Related Services
FDCPA Plaintiff Lacks Standing to Bring Class Action for Validation Letter
In Pozzuolo v. Portfolio Recovery Associates, LLC, the Eastern District of Pennsylvania recently dismissed the named plaintiff of a putative class action for lack of standing to bring suit. Pozzuolo sought to represent a class of individuals who received validation notice letters from Portfolio Recovery Associates, LLC (PRA), which arguably ran afoul of the Fair Debt Collection Pracitces Act (FDCPA)—and more specifically 15 U.S.C. § 1692g—by stating disputes could be made telephonically when the FDCPA requires them in writing. PRA moved to dismiss for lack of subject matter jurisdiction, arguing Pozzuolo lacked standing because he had not suffered concrete injury. In fact, his deposition testimony shows he “merely skimmed the letter and had no intention to dispute the debt.” PRA also noted that it treats telephonic and written disputes the same. Moreover, PRA stressed that Pozzuolo’s allegations, even if all true, at best state a mere procedural violation of § 1692g(a) occurred. Ultimately, the Court agreed.
The court began its analysis by laying out the relevant, well-known standing landscape. While violation of a statute alone may suffice, “bare procedural violation[s] divorced from any concrete harm” will not. Yet, when the statutory violation is “the very harm that Congress sought to prevent,” procedural violations may be enough. The Court then turned to Spokeo and its illustrative examples under the Fair Credit Reporting Act (FCRA) of procedural violations that fail to qualify as concrete harms, namely: (1) accurate reporting without notice; and (2) reporting of incorrect zip codes. With this in mind, the court stated it would apply the Third Circuit Court of Appeals’ adoption of the Spokeo II/Strubel test.
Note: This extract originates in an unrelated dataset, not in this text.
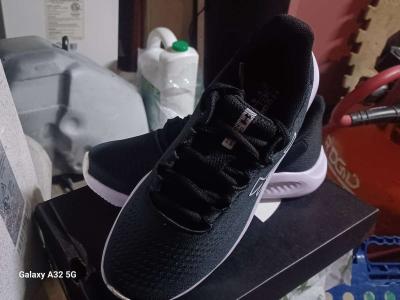 Under Armour Charged Prusuit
In other words, when the U.S. Supreme Court remanded Spokeo, the Ninth Circuit Court of Appeals (in Spokeo II) said it would follow the Second Circuit’s two-part articulation of standing (Strubel), which appears to additionally be endorsed by both the Fourth and Sixth Circuits. Under that test “an alleged procedural violation . . . manifests concrete injury if the violation actually harms or presents a material risk of harm to the underlying concrete interest.” In applying that test, the court found Pozzuolo’s case fell apart. Though the court noted that “PRA’s letter . . . constituted a procedural violation of the FDCPA,” Pozzuolo “[b]y his own admission, . . . was not hurt as a result of receiving this letter.” Indeed, he “ [did not] dispute the debt with any of the credit reporting agencies. He had no reason to do so. He acknowledges the debt and the amount.” In short, “because he never intended to dispute the debt, the violation did not harm or present a material risk of harm to Pozzuolo.”
Pozzuolo shows that standing challenges remain a viable means to toss cases, individual and class actions alike. Claims under 15 U.S.C. § 1692g remain particularly vulnerable to such standing challenges, and litigants should be sure to use discovery effectively to establish standing arguments where applicable. Moreover, because standing calls into question subject matter jurisdiction, it remains a viable out at all stages of litigation.